**Problem requirements**. Using the records below, write out again exactly the lines that begin at the line containing "Moonlit Evening 2001" and end at the line containing "pine side unit.", and no other lines.

**Exercise material**.
-=-=-=-=-
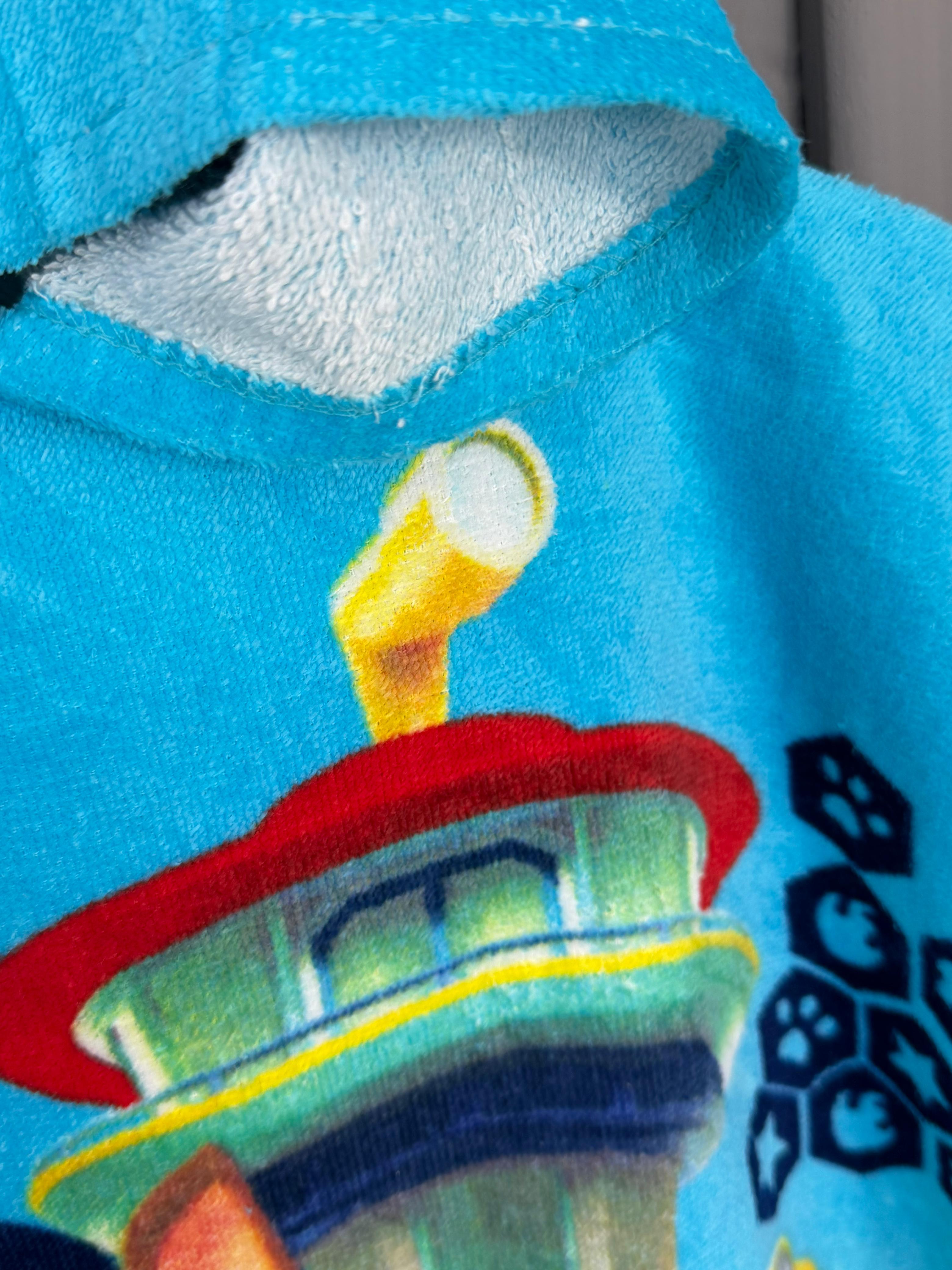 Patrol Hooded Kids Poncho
-=-=-=-=-
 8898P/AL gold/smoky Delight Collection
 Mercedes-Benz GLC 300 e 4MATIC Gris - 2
-=-=-=-=-
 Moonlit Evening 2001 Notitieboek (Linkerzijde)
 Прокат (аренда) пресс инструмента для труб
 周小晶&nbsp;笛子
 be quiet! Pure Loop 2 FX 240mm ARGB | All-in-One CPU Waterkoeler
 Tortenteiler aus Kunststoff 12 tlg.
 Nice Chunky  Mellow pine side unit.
-=-=-=-=-
**Completed exercise**.
 Moonlit Evening 2001 Notitieboek (Linkerzijde)
 Прокат (аренда) пресс инструмента для труб
 周小晶&nbsp;笛子
 be quiet! Pure Loop 2 FX 240mm ARGB | All-in-One CPU Waterkoeler
 Tortenteiler aus Kunststoff 12 tlg.
 Nice Chunky  Mellow pine side unit.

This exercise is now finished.